Fair enough. I would also like to note for the reader that it took you longer than anticipated to ponder on this. Do I interpret that fairly to say that the number of major, popular male writers doing a good job on gender is a bit bleak?

That’s fair. I’m browsing through my Kindle and finding a dearth of male authors, and the only big-name ones are Stephen King, his son Joe Hill, Patrick Rothfuss, and George R.R. Martin.

Martin is a controversial one in this area, with some people thinking he created a sexist world in order to show women (and other oppressed people) overcoming it, and other people thinking he himself is sexist. I’m having trouble remembering much about most of Rothfuss’ female characters. I’m not sure whether that’s his fault or mine. LOL

Let the record reflect that the interviewee, like most readers, has voted with her wallet. A thing for prospective and evolving authors to consider.

That is the final arbiter, isn’t it?

If not the final one, it is surely of importance even if it is not the primary determinant of quality.

Very true.

I should mention Erik Scott de Bie, as well. He’s got some great women in his books.

In young adult, Cory Doctorow.

Cory Doctorow I’ve heard of.

His books Little Brother and Homeland are the best YA I’ve read, and as a YA author, I’ve read a lot. They should be taught in every high school. Sorry to go off-topic, but he deals with themes of personal freedom and government over-reach in the name of safety, all with near-future technology and phenomenal character development. Great books.

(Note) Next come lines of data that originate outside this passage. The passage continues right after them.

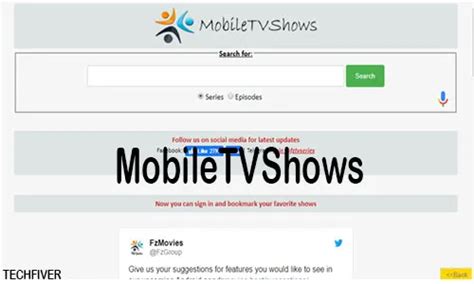 MobileTVshows .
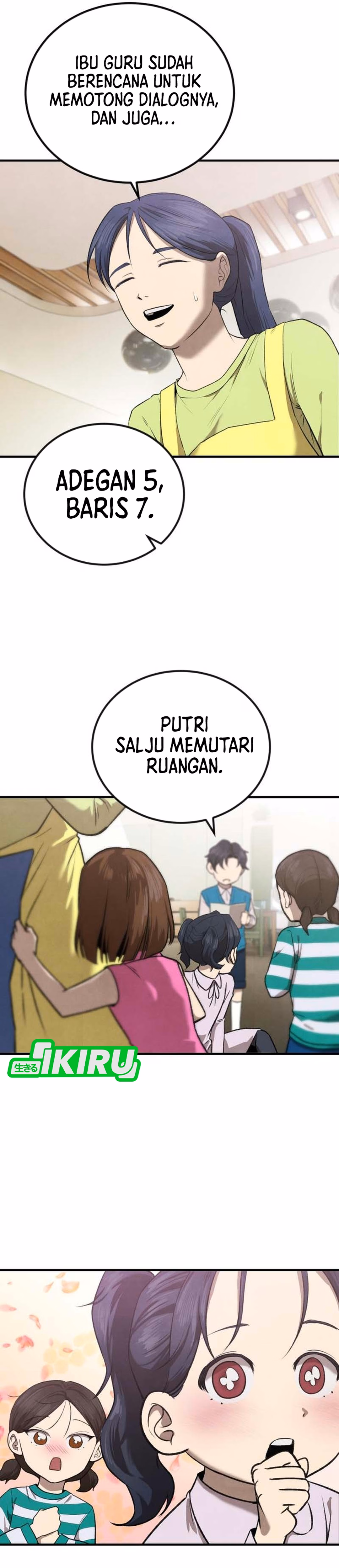 Ternyata Aku Adalah Chaebol Generasi Ke-3 Chapter 3 – halaman 37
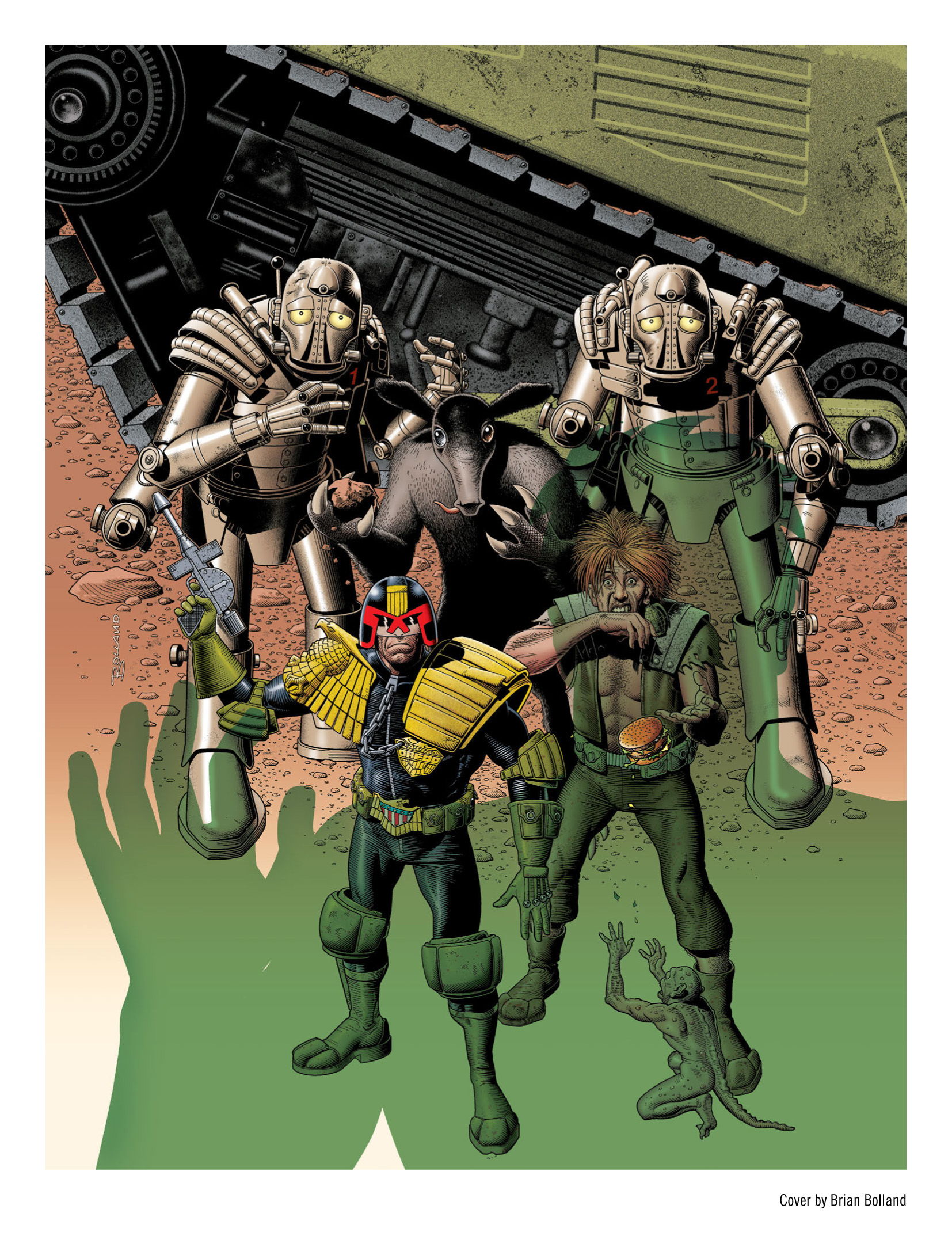 Read online Judge Dredd: The Cursed Earth Uncensored comic -  Issue # TPB - 184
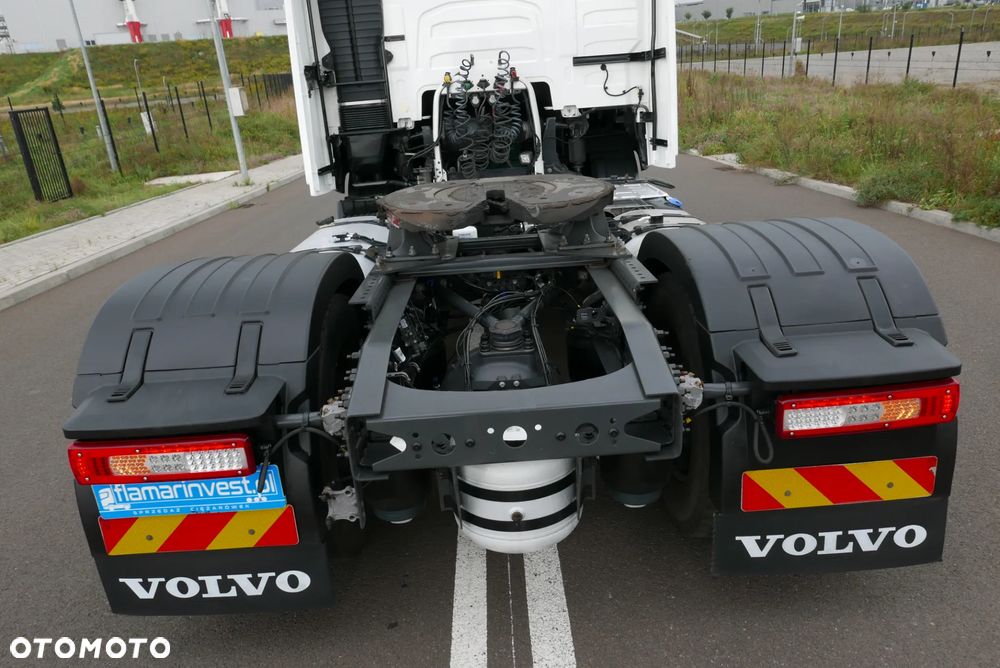 Volvo FH4 500 I-SAVE 2022r PL waga: 6.900KG STANDARDM ACC ALU FELGI MICHELIN VEB+ ZŁOTY KONTRAKT - 29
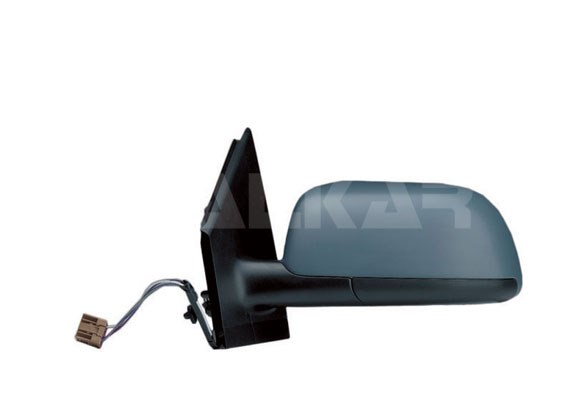 ALKAR 6139110 | Dış Dikiz Aynası Sol Elektrikli Asferık Isıtmalı Astarlı 5 Pin Volkswagen Polo 2001-2005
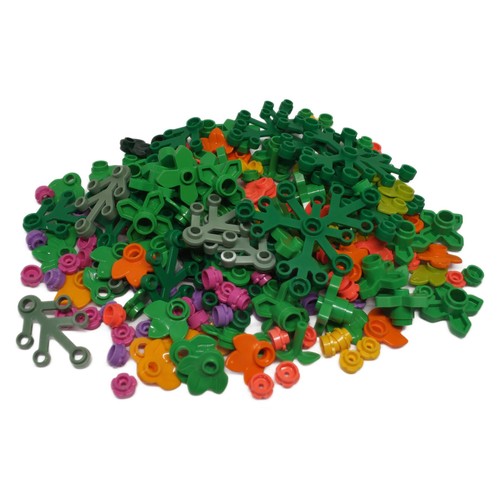 Lego lotto 200x piante - lotto, foglie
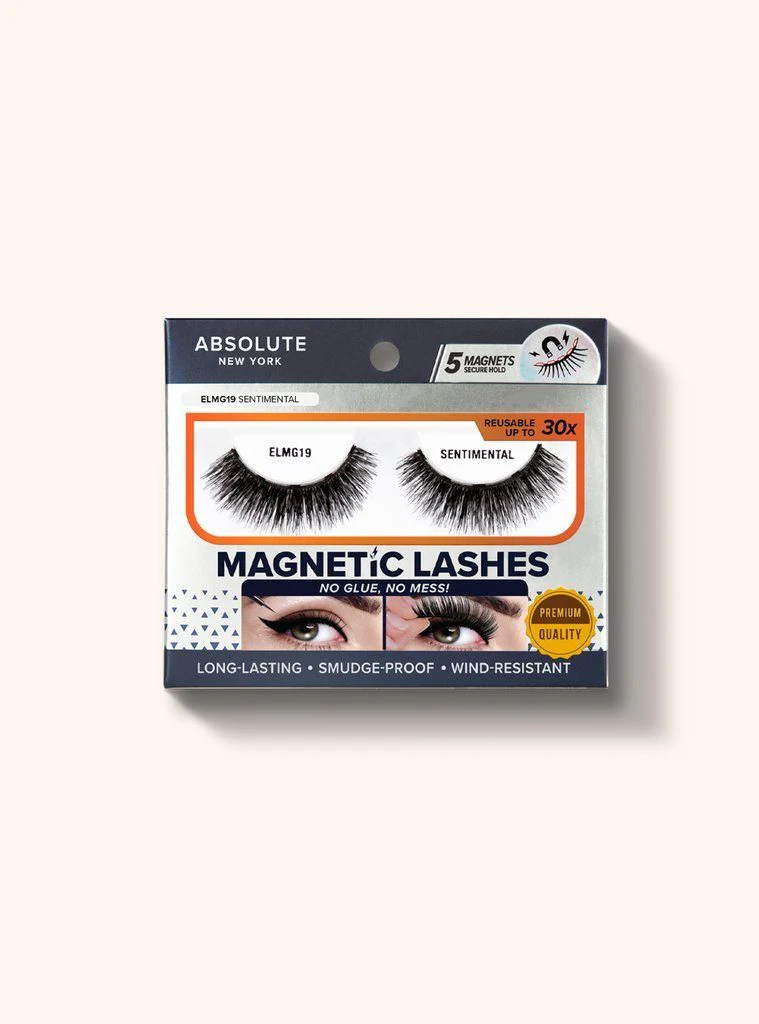 ABNY-EPIC MAGNETIC EYELINER LASHES - SENTIMENTAL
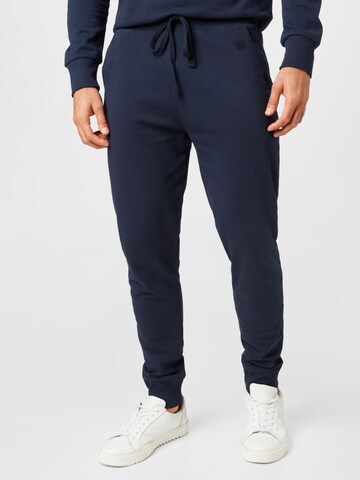 WESTMARK LONDON Tapered Pants in Blue: front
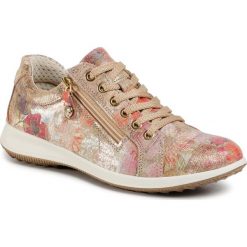 Sneakersy GO SOFT - 506360 Mix. Półbuty damskie GO SOFT, bez wzorów, ze skóry, bez obcasa, bez zapięcia. W wyprzedaży za 169,99 zł.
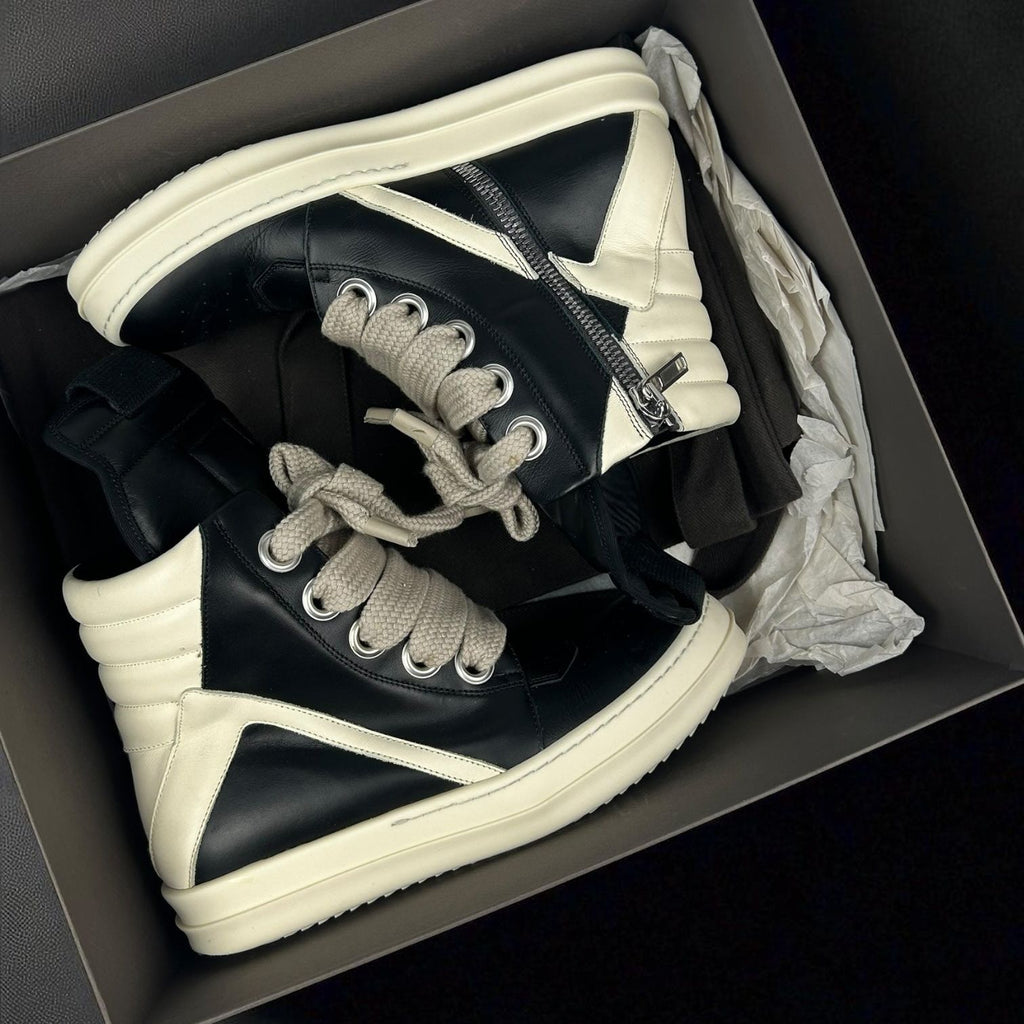 Rick Owens Jumbo Lace Geobasket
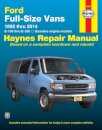 Ford full-size E-150-E-350 petrol vans (1992-2014) Haynes Repair Manual (USA)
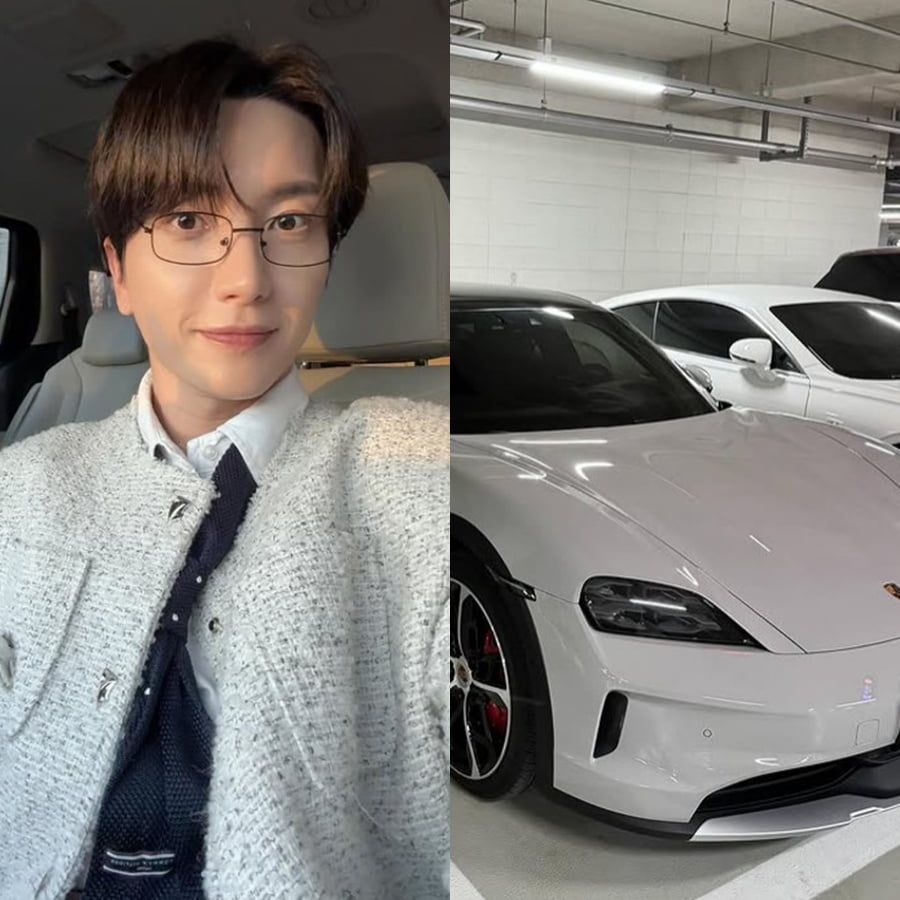 スーパージュニアのイ・トゥク、高級外車の試乗体験を報告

I feel like I should mention female authors who provide great examples of female characters, as well. High on my list is Diana Rowland, who writes the Kara Gillian/Demon Summoner series as well as the White Trash Zombie series. Her women are tough and quirky and fully developed. I also like Lish McBride, A.G. Howard, and Jennifer Brozek.

And Mercedes M. Yardley. She’s brilliant.

Now I’d like to know who among the men is doing it wrong, and how they are blowing it. The more prominent the names, the greater the percentage of our readership that will relate.

I stopped reading Dan Brown and John Grisham a long time ago, largely because of their female characters. I can’t provide more examples because I don’t read a lot of mainstream fiction anymore, especially if it’s written by middle-aged, straight, cis white men. I feel like I’ve read it all before, over and over. (I should add that I don’t read romance or much “chick-lit” for the same reasons, even though a lot of that is written by women.)

Fair enough. I’d add W.E.B. Griffin to that list, even though it’s speaking critically of the recently deceased.

Just because they’re dead doesn’t mean they were good writers.

You can find a ton of articles online with examples of how men have written women poorly. They’re often hilarious, while also sad. When they describe a woman being aware of how her breasts move, you know they’re so entrenched in the view of women as sex objects that they think we actually view ourselves that way.

My mind reels with comic examples of women busy living their lives, punctuated by internal monologue about breast movement.

Yeah. Can’t say I’ve ever experienced that in real life. I mean, what kind of bras are these women wearing? They shouldn’t be moving that much!

I’m told most women are wearing poorly fitting bras. Of course, I’m told that by people who are selling bras.

They do, but even those keep them from swinging around and rubbing against each other.

And the key point, of course, is the tendency for the whole thing to be about the breasts because that’s what the author identifies with femaleness. Or femininity. “Welcome to You Are Your Ta-tas!

Okay. Narrowing the focus for a moment to the portrayals of women, what would you say are the most prevalent flaws–the moments where nearly every female reader rolls her eyes? I say ‘female’ because the reader may well be under the age of eighteen. I understand that this may be slightly redundant, but I’m looking for identifiable trends.

When she cowers and waits for the man to save her. Or when she falls prey to obvious emotional manipulation.

The scene in Captain Marvel (spoiler alert!) when she looks down at her former commander and says, “I have nothing to prove to you,” is possibly the most empowering moment I’ve ever seen on screen. Because every girl and woman has been made to feel like she has to prove herself to a man.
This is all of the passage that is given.